PAPE’ETE, November 26 — French Polynesia’s veteran politician and former President Gaston Flosse, who was jailed two weeks ago as part of a “temporary detention” measure under a current investigation into allegations of misuse of funds, has been released on Thursday (Wednesday Tahiti time, GMT-10), local media report.
The release results from a ruling made last week by a local judge of “detention and freedom”, who was responding to a request from Flosse’s lawyers.
The judge in substance deemed that Flosse’s release would not be of a nature to allow interference with key witnesses. Even though the ruling has since been appealed by an angry public prosecutor, the public prosecution’s appeal will not be heard before next week.
In the interim, Flosse is therefore allowed out of jail, a decision that his party Tahoeraa Huiraatira, has immediately welcomed.
Tahoeraa Huiraatira, since Wednesday, has returned to power as part of a coalition that ousted former President Oscar Temaru and brought back in former President Gaston Tong Sang.
Speaking to local media one day after his return to power, Tong Sang did not rule out appointing Flosse to the high position of Vice-President in his executive, since the decision, he stressed, was up to Flosse’s Tahoeraa Huiraatira party, in keeping with the fresh coalition agreement.
Flosse’s immunity as a member of the French Senate was lifted early November. The request to have his privileges removed came from investigating judges Philippe Stelmach and Jean-François Redonnet, who, over the past six months, have intensified their judicial investigation into a number of cases, including some involving corruption.
Also released on Thursday is French business executive Hubert Haddad whose “2H” company (which was granted the local phone directory market under Flosse’s administration) is alleged to have participated in an operation of monetary kickbacks for the benefit of local government politicians.

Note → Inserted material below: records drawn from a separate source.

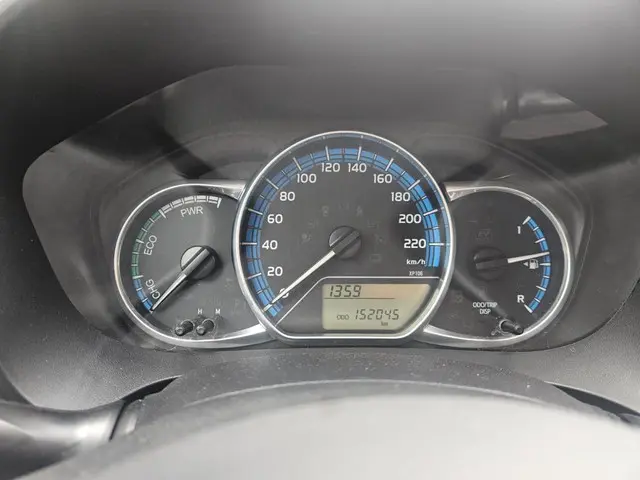 Toyota Yaris 1.5 Hybrid Comfort 2014 Hybride Benzine 9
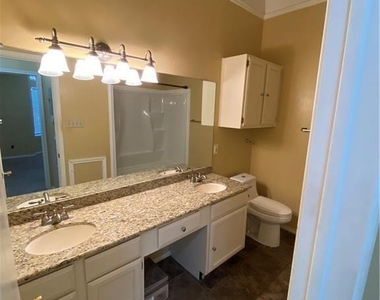 2802 Nueces St - Photo Thumbnail 9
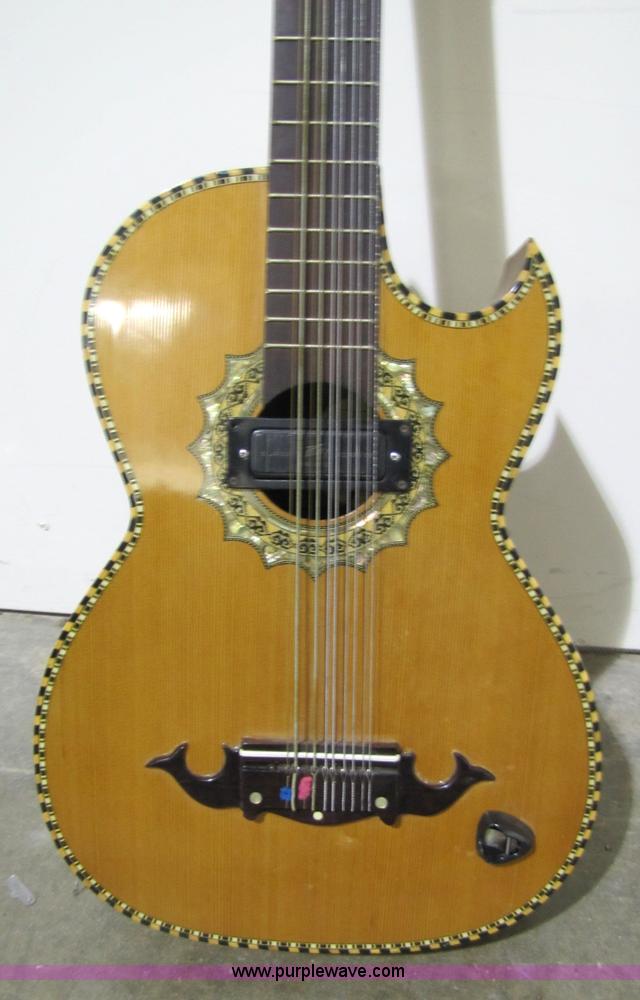 image for item 5334 Lonestar Presido acoustic guitar with case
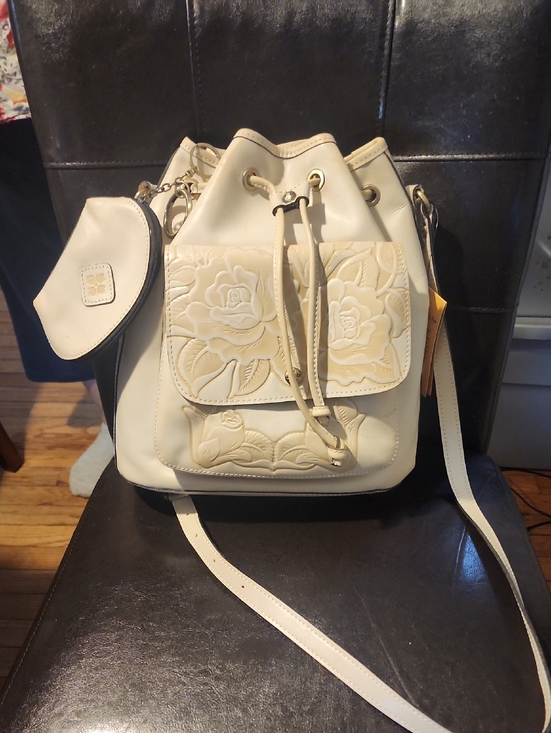 Patricia Nash Handbags - Patricia Nash Cream Floral Embossed Drawstring Crossbody Bag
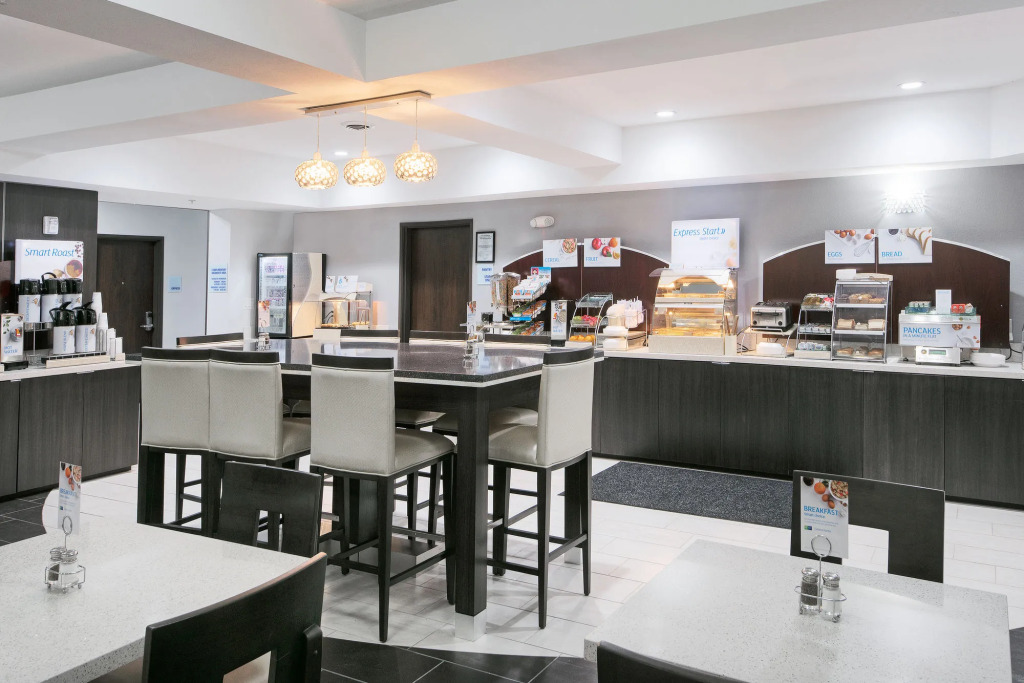 Holiday Inn Express and Suites Houston North - IAH Area by IHG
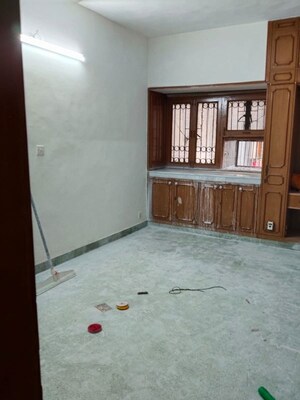 Room in 3.5 BHK Apartment at Vasant Kunj – for Rent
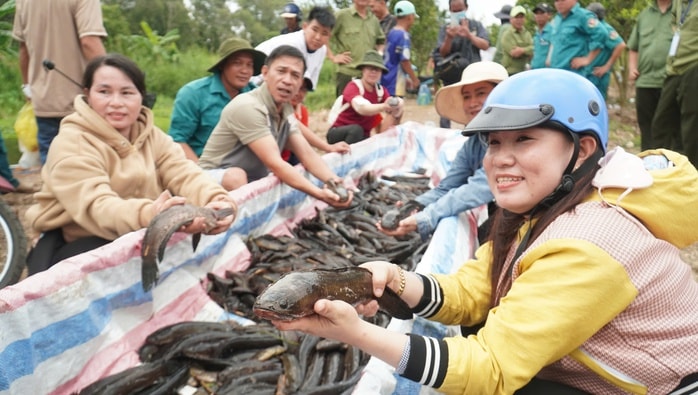 Thử thách đi cầu khỉ tại sự kiện "Hương rừng U Minh" - Ảnh 1.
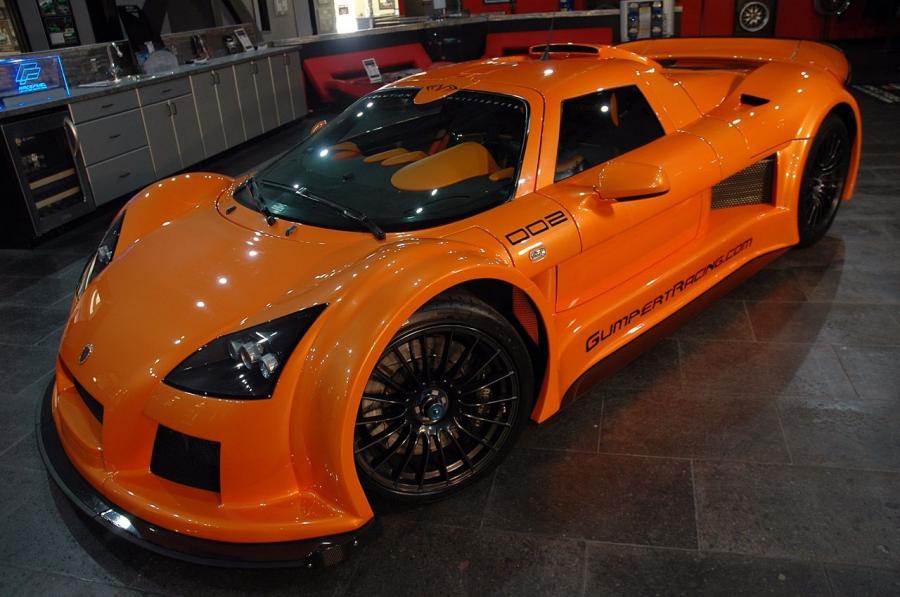 Gumpert Apollo асфальт 5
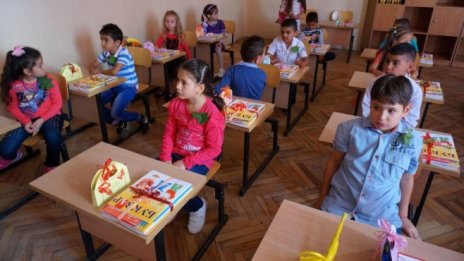 Графика на деня: Проблемът със застаряването на учителите в България се изостря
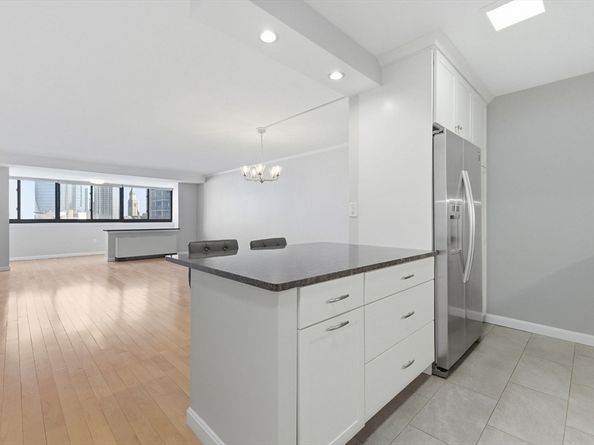 9 Hawthorne Place 11J, Boston MA 02114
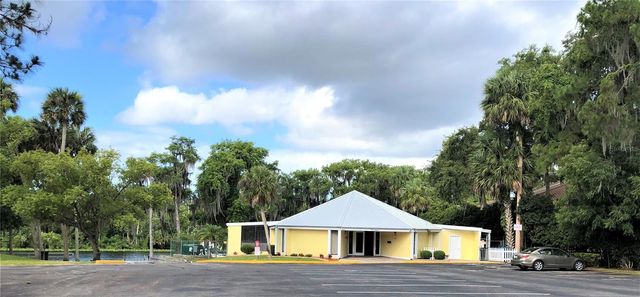 2013 QUAIL HOLLOW DR, Deland, FL 32720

Haddad, who had been in jail for the past five and a half months as part of the investigation, has spent the past few days under medical care, due to a heart condition. He was now to be transferred to Pape’ete’s main hospital.
JUDICIAL SAGA
In the past months, as part of the judicial investigation, 78-year-old Flosse, recently dubbed locally “the old lion”, has been summoned and heard several times before Stelmach and Redonnet.
Earlier this month, judge Stelmach labeled Flosse’s two-week jail term a “temporary detention” for charges of passive corruption, embezzlement of public funds and destruction of evidence.